Mitt Romney is hot for your vote.
Guess who’s back? Yeah, I know it’s been eons since I posted here. But I finally found something worthy of my posting . . .
We like our presidential candidates hot and sweaty. Ooh, hot, sweaty and Mormon. He’s really the full package, y’all.
Comments (9)
“I’m Mitt Romney, and I’m going to puke right after the cameras stop rolling.”
Did you notice that his hair hardly moves?
Yucca - It does get plastered to his face by his sweat . . .
His delicious man sweat.
speaking of presidential candidates, anybody else already sick of the Hillary/shady Asian donor connection AGAIN?

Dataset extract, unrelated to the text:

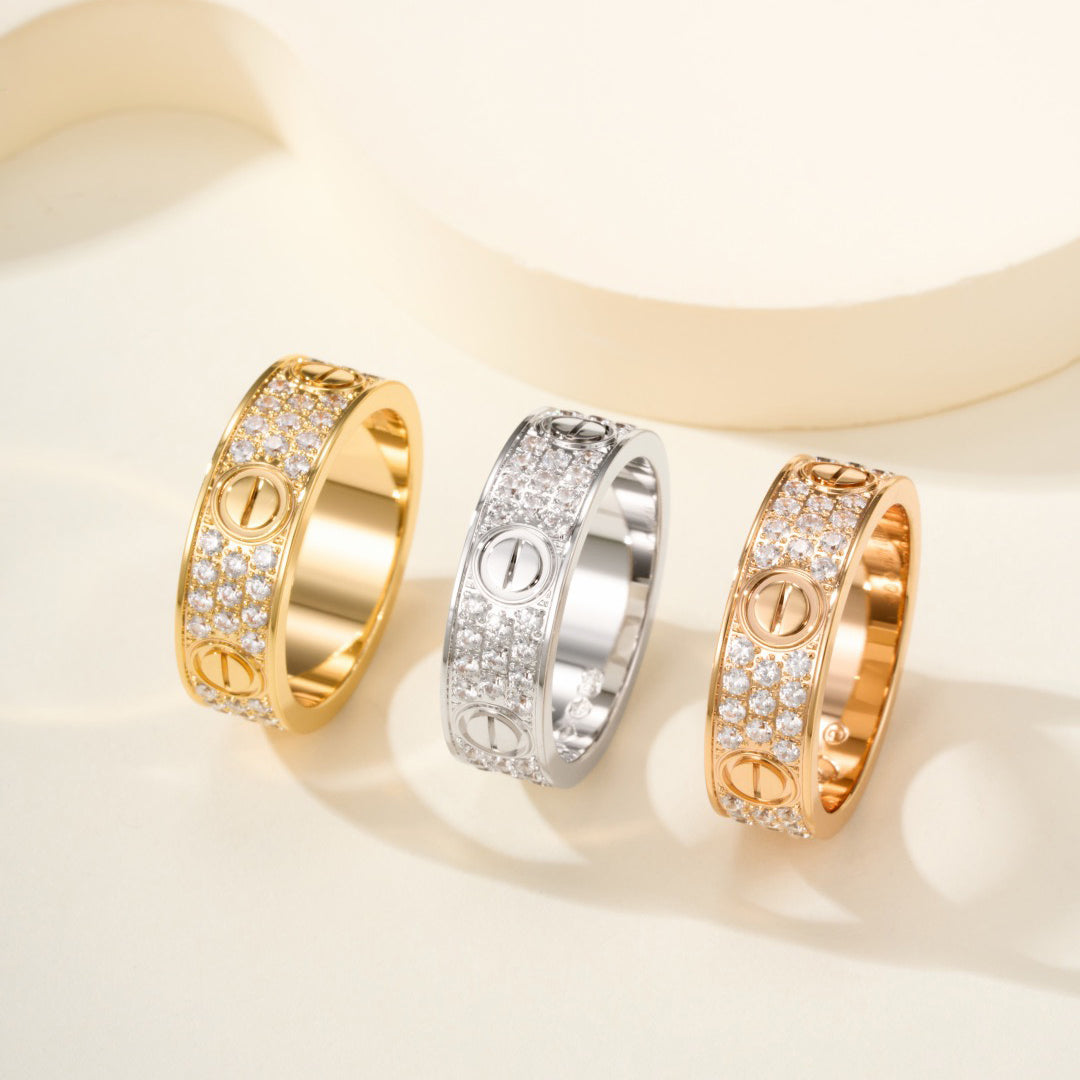[Renovia Jewelry]LOVE RING 5.5MM DIAMONDS PAVED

What is it with these fucking Hillbillies, they are like crack whores when it comes to those asian dollars.
lol hillbillies - nice.
hey, speaking of right-wing rabblerousers, where’s Wonk? I ain’t seen him around here in a while.
i do have to say, i think it would awesome to be one of romney’s wives. he’s a hottie, so i’d enjoy the sexual duties once or twice a week. and then i wouldn’t have to put up with him much, just pack him off to Sister Wife Number 2 when i’m done with him.
that sounds kinda fun.
He runs like a girl. Seriously.
What were we supposed to focus on, his chicken legs or his accomplishments?
Bain Capital… yeah, I remember them. Lot’s of other people do as well. Millions of investors in fact. The D oppo folks are going to have fun with Mitt.
Wait…was that a campaign ad or a Nike spot?